## What the task asks
Would you please output all the records exactly as given? Pictures should not appear in the copy.

[Dataset items]
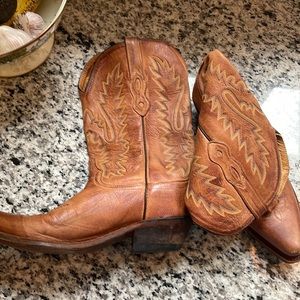 Cowgirl boots leather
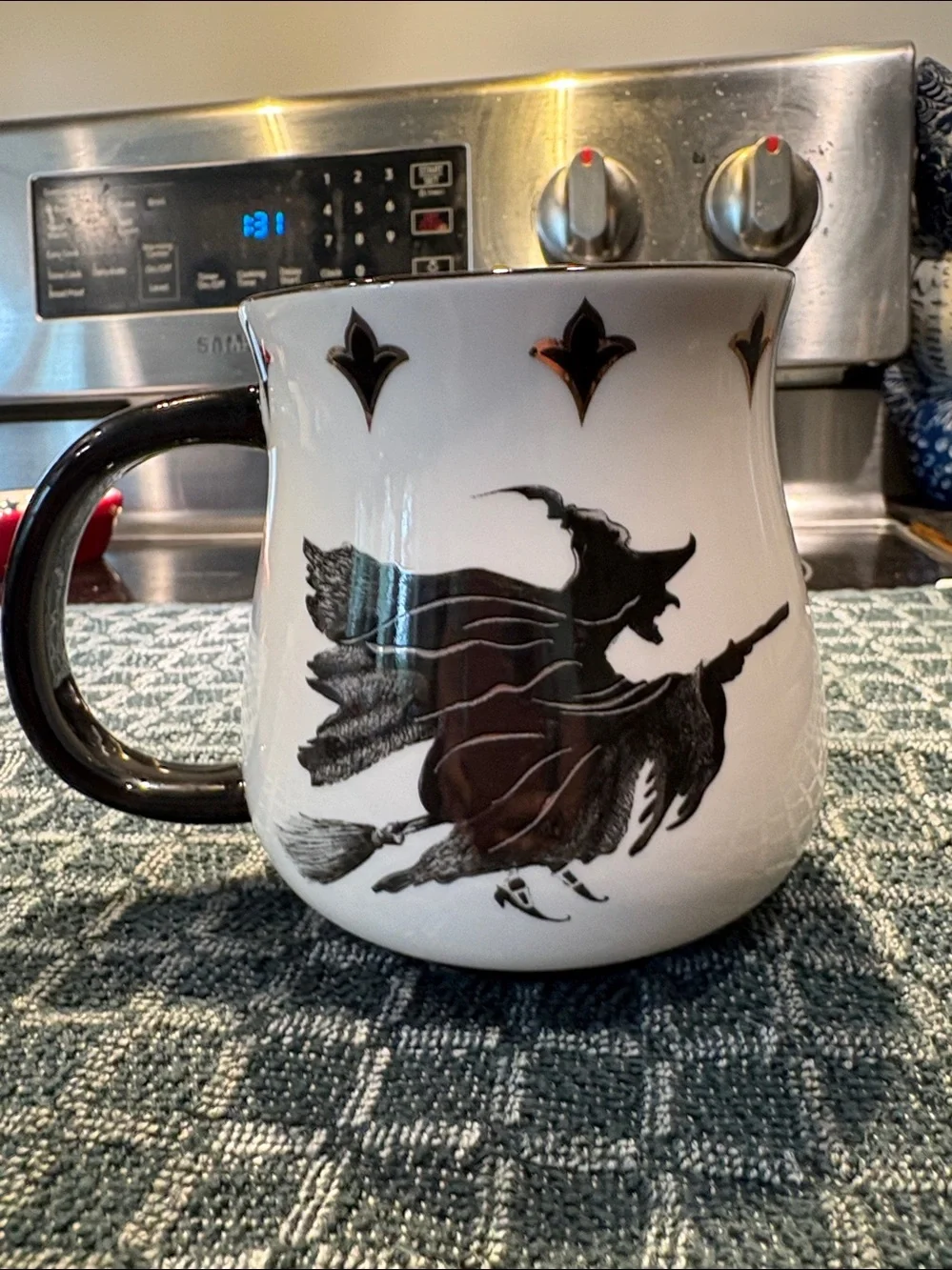 Whimsical Witches Mug White/Black 16oz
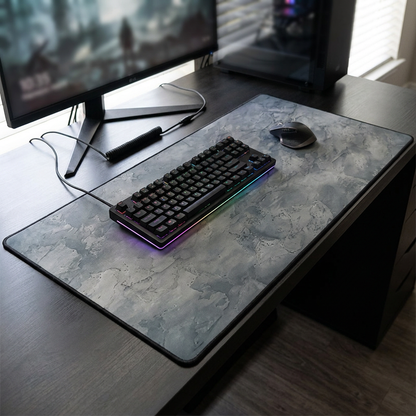 Gaming mouse pad design 6 on a desk setup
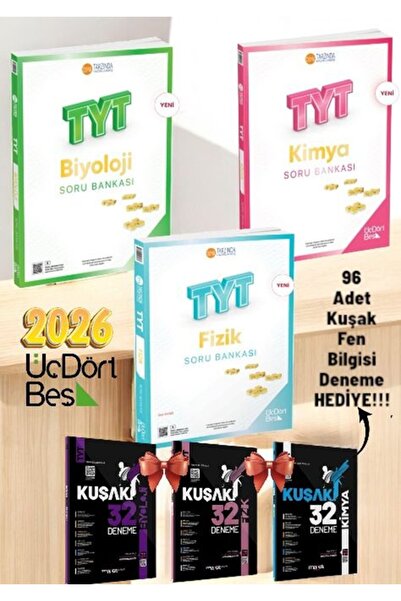 Üç Dört Beş Yayıncılık 345 Yayınları 2026 TYT Fen Bilimleri (Fizik–Kimya–Biyo...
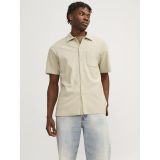 JACK&JONES - JORMYKONOS PLISSE RESORT SS SHIRT - Hommes - Chemises - L - Polyester/Élasthanne - Manches courtes - Col classique - Laurel Wreath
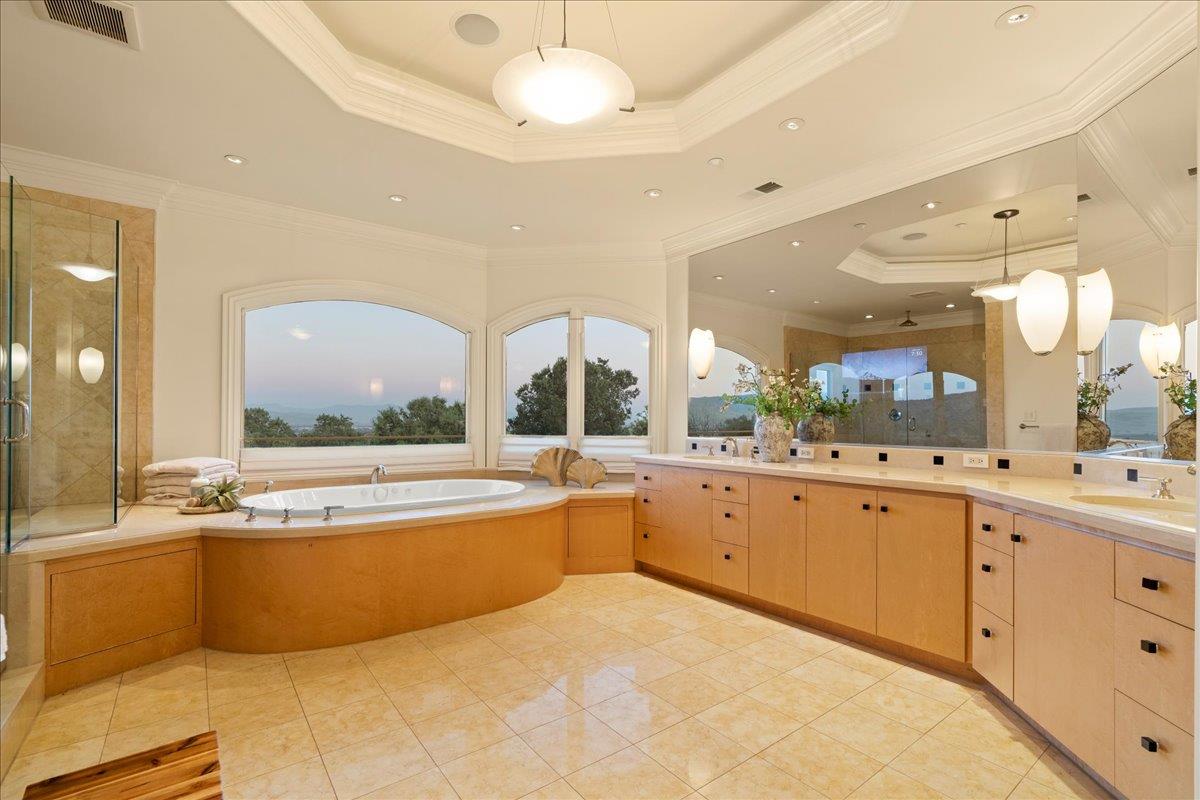 8350 Verbena Drive Gilroy, CA 95020 - Photo 32 of 51 a large white kitchen with a large window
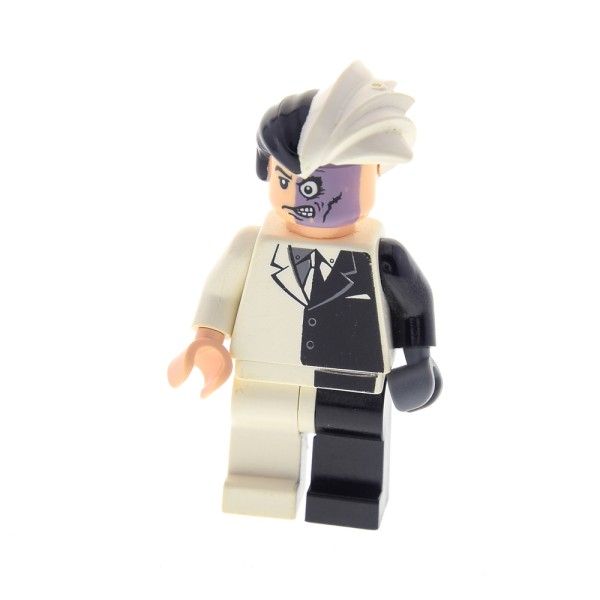 1x Lego Figur Batman Mann Two-Face Hüfte schwarz weiß 7781 bat004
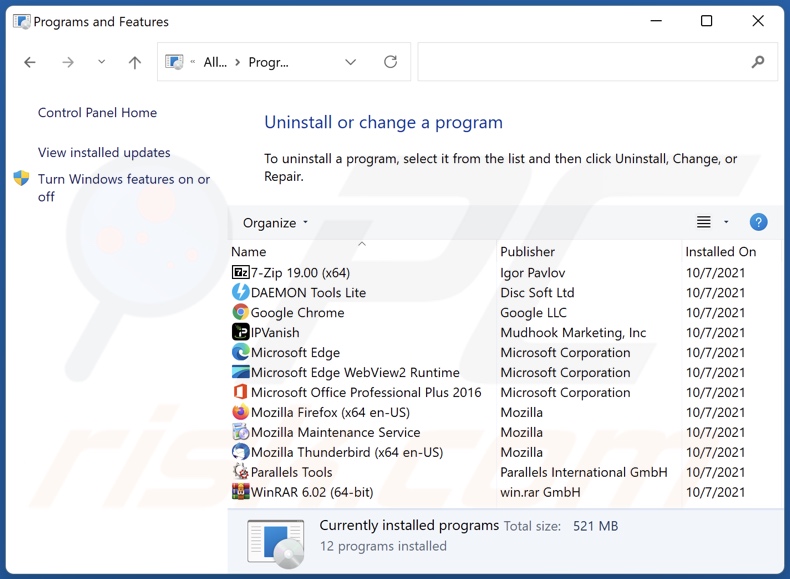 Odinstalowywanie aplikacji porywających przeglądarki via Control Panel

## Reply to the task
 Cowgirl boots leather
 Whimsical Witches Mug White/Black 16oz
 Gaming mouse pad design 6 on a desk setup
 Üç Dört Beş Yayıncılık 345 Yayınları 2026 TYT Fen Bilimleri (Fizik–Kimya–Biyo...
 JACK&JONES - JORMYKONOS PLISSE RESORT SS SHIRT - Hommes - Chemises - L - Polyester/Élasthanne - Manches courtes - Col classique - Laurel Wreath
 8350 Verbena Drive Gilroy, CA 95020 - Photo 32 of 51 a large white kitchen with a large window
 1x Lego Figur Batman Mann Two-Face Hüfte schwarz weiß 7781 bat004
 Odinstalowywanie aplikacji porywających przeglądarki via Control Panel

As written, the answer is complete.